Papst fordert Religionsfreiheit
Ob die politisch Verantwortlichen in Dhaka ebenso zufrieden sind mit den Worten des Papstes, ist nicht so klar. Denn Franziskus war durchaus auch beim Einstand in Bangladesch deutlich aber freundlich. Gleich mehrfach mahnte er beim Treffen mit Vertretern aus Politik, Gesellschaft und Diplomatischem Korps die Möglichkeit zur freien Religionsausübung an. Er brachte seine Hoffnung zum Ausdruck, „dass die katholische Gemeinde im Einklang mit dem Wortlaut und dem Geist der nationalen Verfassung weiter die Freiheit genießen wird“. Im Kontext seiner Würdigung des interreligiösen Dialogs hatte er bereits betont, dass das „Klima des gegenseitigen Respekts“ es den Gläubigen auch erlaube, „ihre tiefsten Überzeugungen über die Bedeutung und das Ziel des Lebens frei zu äußern“. Er spielte auch auf die zunehmenden extremistischen Übergriffe im Land an. Er verurteilte einen Missbrauch von Religion, um Spaltung zu schüren, als skandalös. Wie schon in Myanmar sprach Franziskus auch in Bangladesch von einer „legitime Verschiedenheit“ in der Gesellschaft. Die müsse anerkannt werden, könne ein Land „die Spaltungen versöhnen, einseitige Sichtweisen überwinden und die Gültigkeit abweichender Standpunkte anerkennen“.
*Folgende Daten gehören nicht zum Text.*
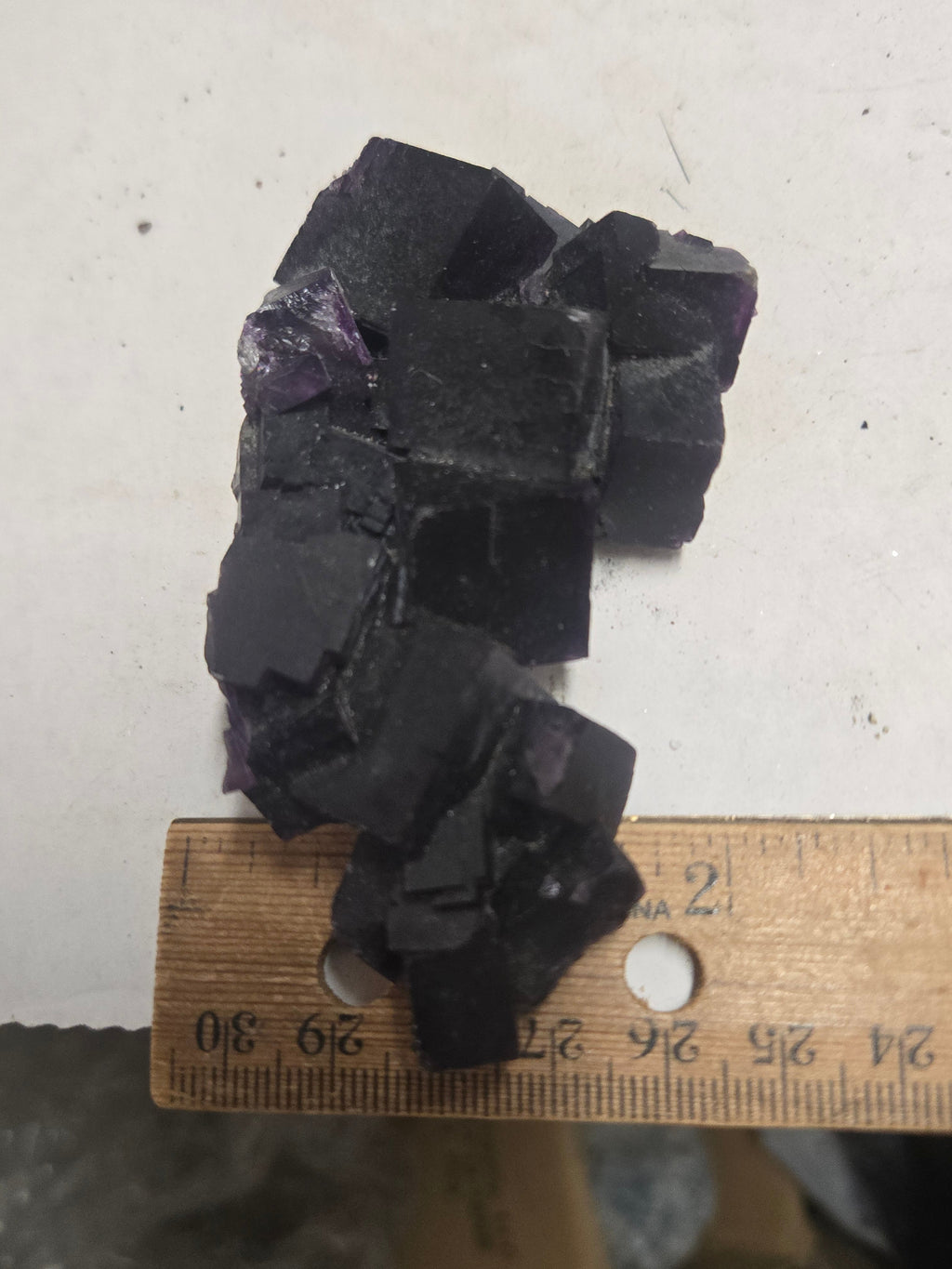 Cubic fluorite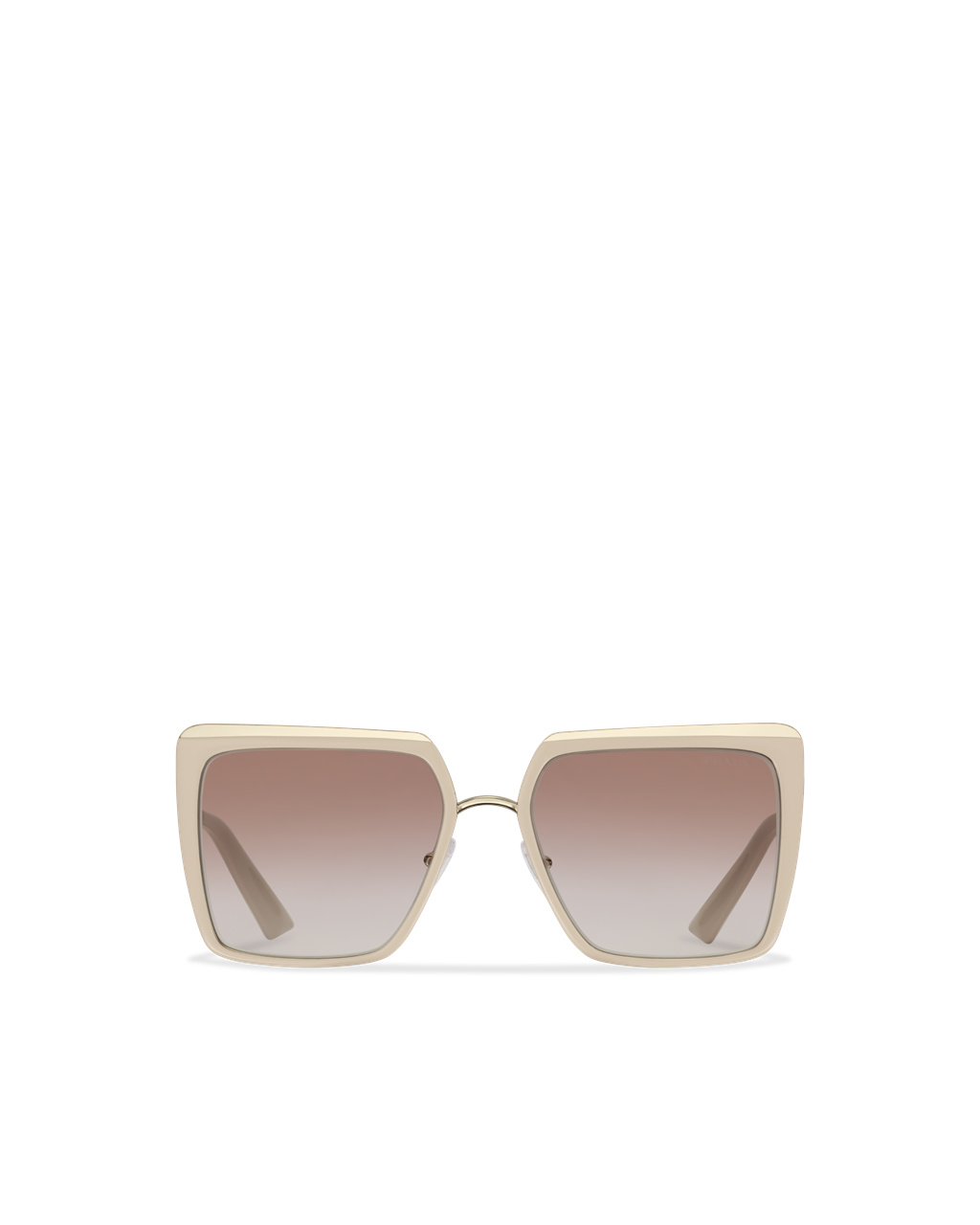 Prada Prada Cinéma Sunglasses Squared Cafe | 01645-ZLVK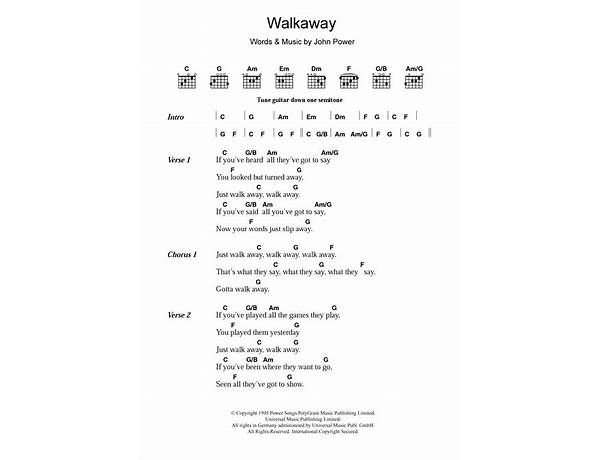 Walkaway en Lyrics [THE ADONi]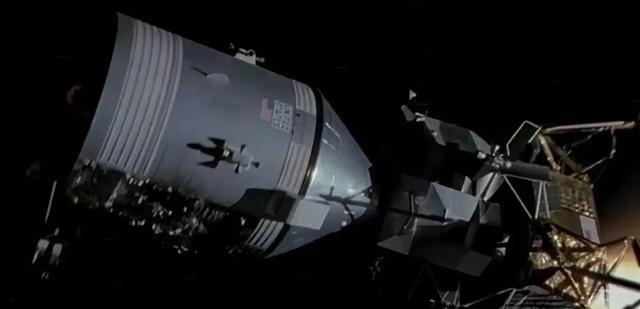 破纪录!美载人飞船最远距地43万公里,地月同框为啥看不见星星?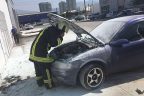 3. Sanayi’de araç yangını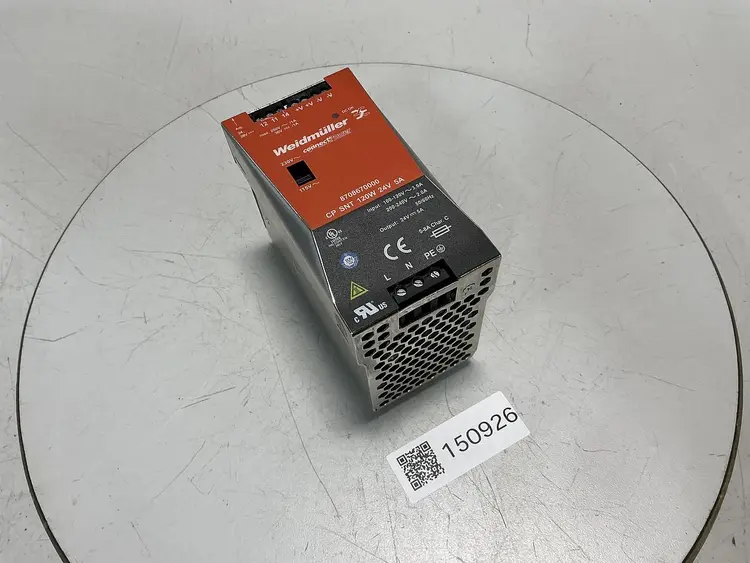 Used WEIDMÜLLER 8708670000 Input / Output Modules Michigan US | Ideal Machinery #691818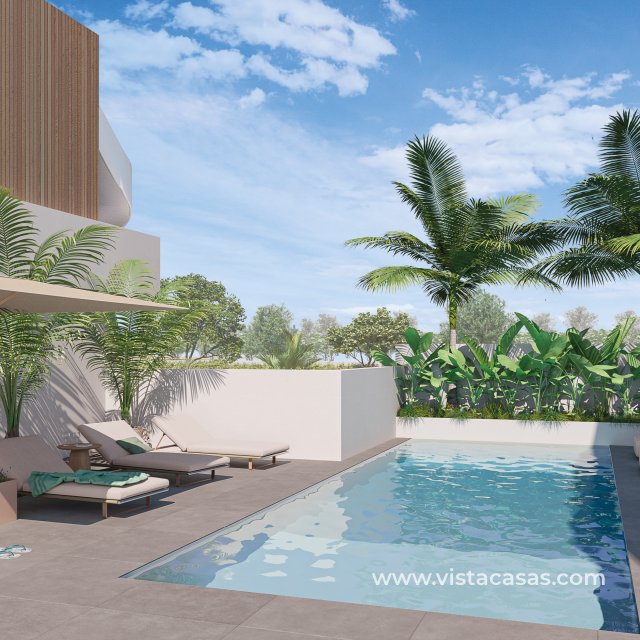 Radhus - Ny konstruktion - Pilar de la Horadada - Pilar de la Horadada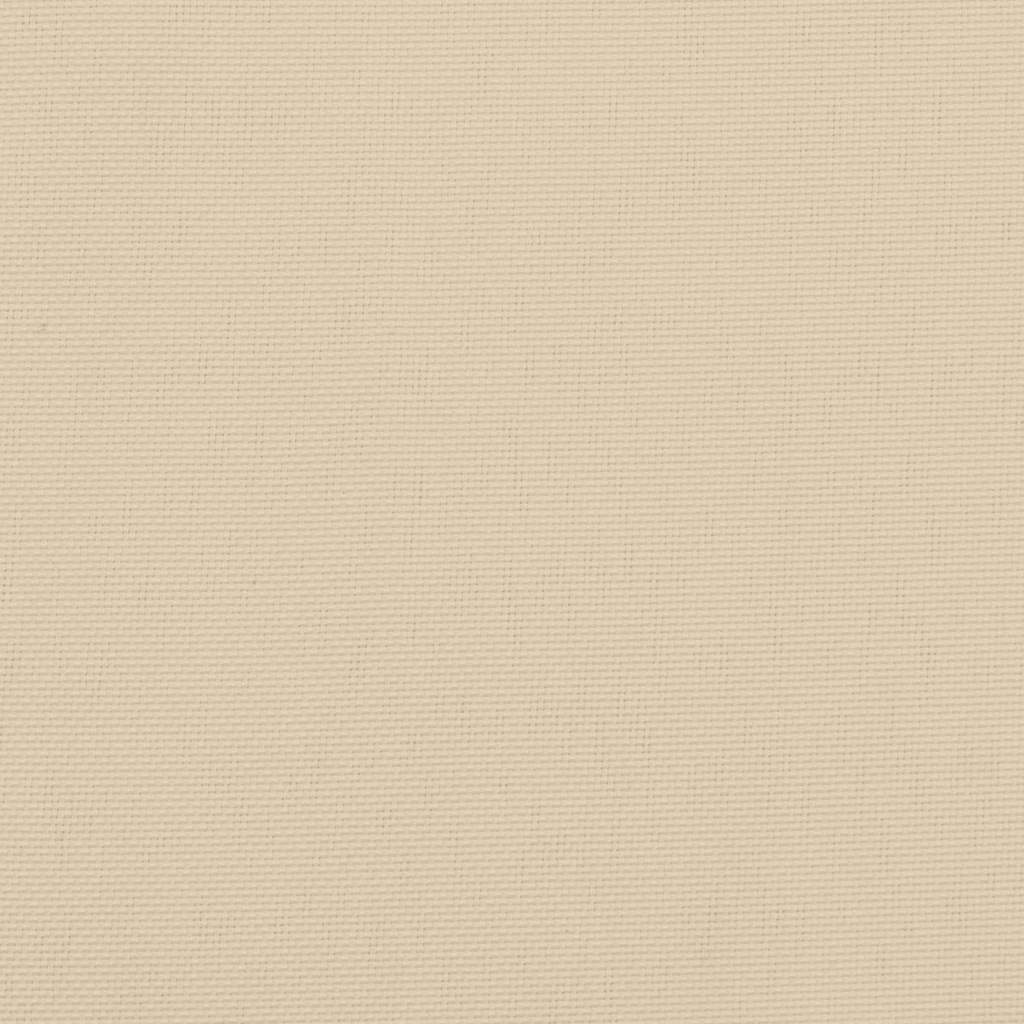 hynde til havebænk 100x50x4 cm oxfordstof beige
Franziskus forderte von der internationalen Gemeinschaft „entscheidende Maßnahmen im Hinblick auf die ernste Krise“ der Rohingya-Flüchtlinge aus dem benachbarten Myanmar. Der Papst vermied erneut den Begriff Rohingya und sprach von den Flüchtlingen „aus dem Staat Rakhine“. Er sprach von der „vorläufigen Unterkunft“ dieser Menschen in Bangladesch. Damit dürfte die vatikanische Position klar, sein, dass die Menschen wieder in ihre Heimat in Myanmar zurückkehren können müssen. Neben einer sofortigen „materiellen Hilfe“ der internationalen Gemeinschaft für Bangladesch, müssten die „politische Fragen“ gelöst werden, „die zur Verschiebung von Menschenmassen geführt haben“. Franziskus sieht als in dem Konflikt zwischen der Regierung Myanmars und den Rohingyas keinen religiösen Konflikt.
Papst schweigt zur Situation der Arbeiter
Interessant ist, dass Franziskus die prekäre Situation vieler Arbeitsverhältnisse nicht angesprochen hat. Wo doch die „moderne Sklaverei“ und die Arbeitsausbeutung zu den zentralen Themen des Pontifikats gehören. Hier hätte er durchaus auch positive Worte finden können, denn die Behörden in Bangladesch sind seit dem verheerenden Unglück von Sabhar 2013 versucht die Regierung höhere Arbeitsstandards durchzusetzen. Damals waren beim Einsturz eines Gebäudes, in dem sich mehrere Textilfabriken befanden, mehr als 1100 Menschen getötet und mehr als 2400 verletzt worden. Dennoch ist die Situation nach wie vor schwierig. Ende vergangenen Jahres wurden nach einem zweiwöchigen Streik nach offiziellen Angaben mehr als 1.500 Arbeiter, nach Gewerkschaftsangaben mehr als 3000 Arbeiter entlassen. Die Streikenden hatten eine Erhöhung des Mindestlohns von umgerechnet rund 64 Euro auf 195 Euro gefordert. Es gäbe also durchaus Anlass für den Papst, hier etwas zu sagen. Zwei Tage bleiben ihm noch Zeit dazu.